A chi giova davvero la riduzione dei parlamentari
di Angelo Panebianco
Entro due giorni la Camera, salvo incidenti, approverà in via definitiva la riduzione del numero dei parlamentari. Proprio in queste ore circola un appello di +Europa, il gruppo guidato da Emma Bonino, contro tale riforma. L’appello (sensatamente) dichiara inaccettabile una riduzione drastica del numero dei parlamentari che non sia «contestuale o successiva alle altre modifiche costituzionali riguardanti il ruolo e il funzionamento delle Camere». Quella misura, voluta dai 5 Stelle in nome di una ideologia antiparlamentare, verrà supinamente accettata, a quanto pare (a meno di ribellioni dell’ultimo minuto) dal Partito democratico allo scopo di preservare la stabilità del governo.
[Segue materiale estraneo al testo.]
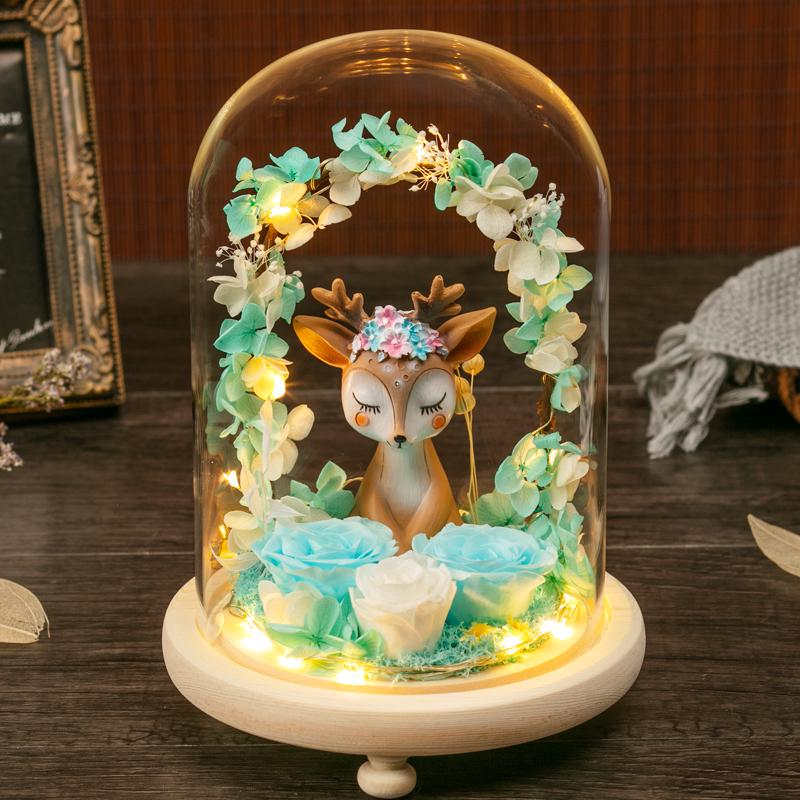 Eternal Dried Roses Glass Dome Gift Box - Perfect for Valentine's, Birthdays, and Special Occasions.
Ciò è conseguenza della prevalenza numerica dei 5 Stelle, il partito di maggioranza relativa, ma anche della debolezza culturale del Pd. E, per la verità, non soltanto del Pd.
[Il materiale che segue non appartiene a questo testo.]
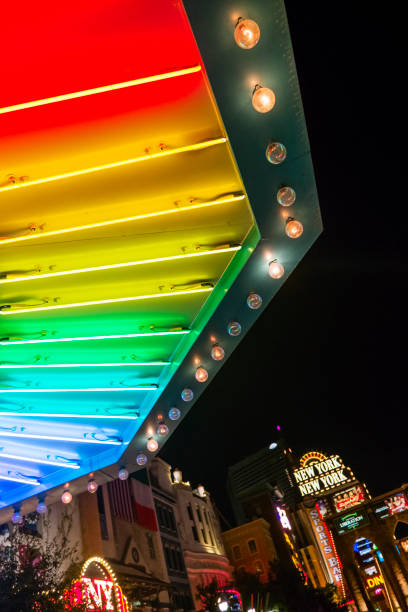 Las Vegas,  USA - September 6, 2012: Neon lights on the Las Vegas Strip. Photo taken outside of the New York New York hotel.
Si è sempre detto (correttamente) che il favore o l’ostilità per l’una soluzione istituzionale o per l’altra non sono mai soltanto espressioni di differenti valutazioni «tecniche» relative alla efficacia o meno delle varie misure. Dietro le scelte costituzionali (parlamentarismo, presidenzialismo, eccetera) come dietro la preferenza per un sistema elettorale o l’altro (maggioritario, proporzionale, eccetera) compaiono per lo più differenti visioni e differenti tradizioni politico-culturali. In gioco ci sono idee difformi sul dover essere della politica, dei rapporti fra politica e società, eccetera.